物流まで一貫してやる

――さまざまな工夫をしておられますが、目下、生産上の課題は何ですか。

【針生】農地が足らないですね。とにかく農地を貸していただきたい。そこで「所有権」と「耕作権」と「やりがい権」という3つに分けたんです。東日本各地に農地をお借りしていますが、全部に舞台ファームの社員は行けない。「やりがい」を感じていただける方に権利を持ってもらい、そこを託してわれわれの代理センターとして巨大化していってほしい。

――物流や販売、そちらにも力を入れてらっしゃいますね。

【針生】現在、うちは日本の農業会社では画期的ともいえる運送会社の設立を法務局に申請中です。緑ナンバーを取得しようとしています。12月頃には認可が下りるのではないか、と思っています。いまも常時、5台のトラックでコンテナを動かしていまして、沿線上には仲間がいっぱいいます。

岩手県の北上には、取引先である大手コンビニチェーンのセンターもある。そこまで約130km。途中の農家から仙台の国分町で生産物を売りたいから運んでほしい、と頼まれても白ナンバーでは無理です。六次産業化はすばらしいんですけど、やるなら運送業までやらないと。経費はかかりますが、既存の運送会社に頼ってばかりでは情けない。最終的に生産から物流、販売までつなげば運賃も抑えられるでしょう。

――ということは株式会社がいいということですね。

【針生】結果的にそういうことになってきたんですよね。

――財務面のご苦労もおありでしょうが、補助金については、どのようにお考えでしょうか。

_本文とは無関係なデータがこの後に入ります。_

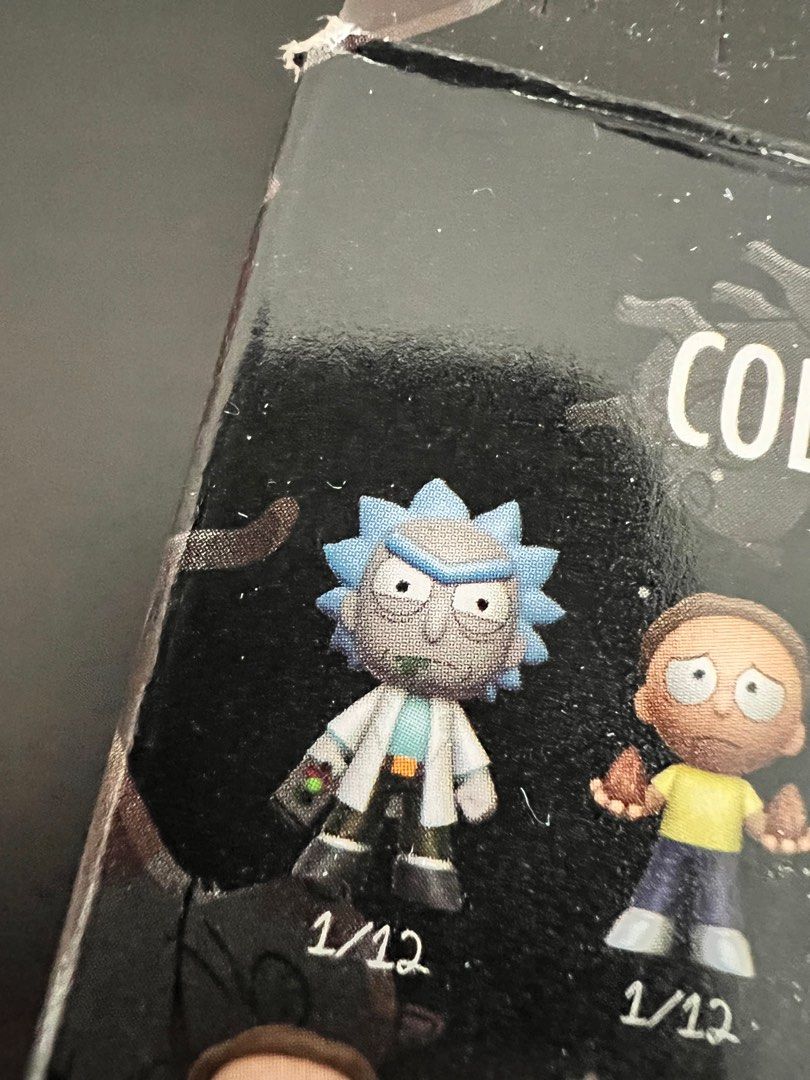 Funko Rick mystery mini Rick and Morty Hobbies Toys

【針生】いわゆる「人間特区」の考え方がありますね。人材育成などに関する特区です。やっぱり、補助金というのはありがたい。ただ、えてしてお金をもらえるような感覚になってしまう。だったら、人間特区にして、ミッションをクリアして成功した人には補助金を成功報酬としてあげるというように、ちょっと形を変えて支給すれば成功を目ざして、皆、力を注ぐわけですよ。

ところが、いまは書類を書くことで補助金がもらえてしまうので、お金の怖さを知らない経営者は、ずぶずぶはまって大変になってしまう。成功報酬という考え方は、あってもいいのではないでしょうか。

――補助金は、縛りもきついですね。

【針生】はい、規制がちょっと堅すぎる。日付を切られたあとでなければ施設をつくってはダメとか、諸々の要件で縛られてスピード感がなくなる。補助金を当てにすると事業のスピードが落ちるので、結局、補助金なしでやるケースも多いのです。書類を出したら事前着工していいとなれば、もっとスピード感が出るのですが……。